Focus on EMIR - the clearing obligation comes into effect
Key PointsThe first clearing obligation established under EMIR will come into force on 21 December 2015 and will apply to certain:
The clearing obligation will be subject to different phase-in periods for different counterparty types, starting from 21 June 2016 for clearing members of relevant CCPs (with frontloading from 21 February 2016). Exemptions exist for (i) interest rate derivatives with covered bond issuers or to hedge covered pools (ii) intragroup transactions, subject to approval by relevant competent authorities and (iii) pension scheme arrangements until December 2017. |
Background
Regulation (EU) No. 648/2012 of 4 July 2012 on OTC derivatives, central counterparties and trade repositories (also known as the European Market Infrastructure Regulation ("EMIR")) entered into force on 16 August 2012. For implementation purposes, the general provisions of EMIR must be supplemented by detailed level 2 regulations known as technical standards, which are drafted by the European Securities and Markets Authority ("ESMA"), adopted by the European Commission (the "Commission") and approved by the Council of the European Union and the European Parliament. The technical standards can take the form of regulatory technical standards ("RTS") or implementing technical standards.

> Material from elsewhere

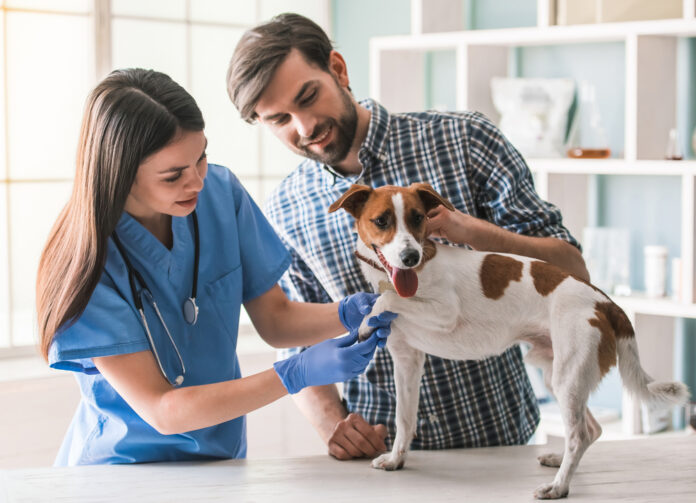 General Veterinarian
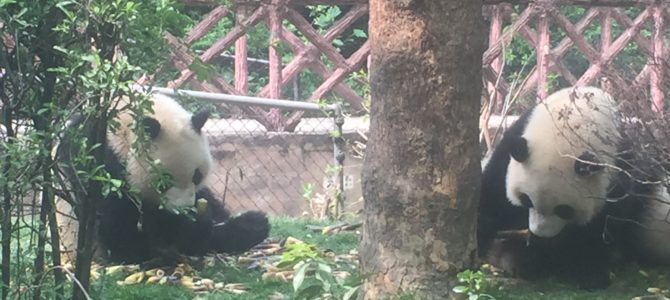 Panda bears and long noodles ~ Chengdu, China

Article 4 (Clearing obligation) of EMIR contains a general clearing obligation (the "General Clearing Obligation") which can be translated into specific clearing obligations affecting certain classes of derivatives by following a procedure set out in Article 5 (Clearing obligation procedure) of EMIR. In March 2014, ESMA commenced this process for the first time by confirming NASDAQ OMX Clearing as the first central counterparty ("CCP") authorised to clear interest rate derivatives under EMIR. The ensuing consultation process culminated in the publication on 1 December 2015 of RTS documenting EMIR's first clearing obligation in the Official Journal of the European Union (the "OJ") as Commission Delegated Regulation (EU) 2015/2205 of August 6 2015 (the "G4 IRS Clearing RTS").
The G4 IRS Clearing RTS will enter into force on 21 December 2015, twenty days after its publication in the OJ, and will implement the General Clearing Obligation in respect of certain classes of interest rate derivatives that CCPs have been authorised to clear (the "G4 IRS Clearing Obligation"). The G4 IRS Clearing Obligation will come into effect for different counterparty types on different dates, calculated by reference to the date of entry into force of the G4 IRS Clearing RTS (see 'When will the obligation apply?' below), so its publication in the OJ has started the clock ticking for phased-in implementation. This briefing gives an overview of the G4 IRS Clearing RTS and highlights certain elements of the G4 IRS Clearing Obligation of which market participants should be aware.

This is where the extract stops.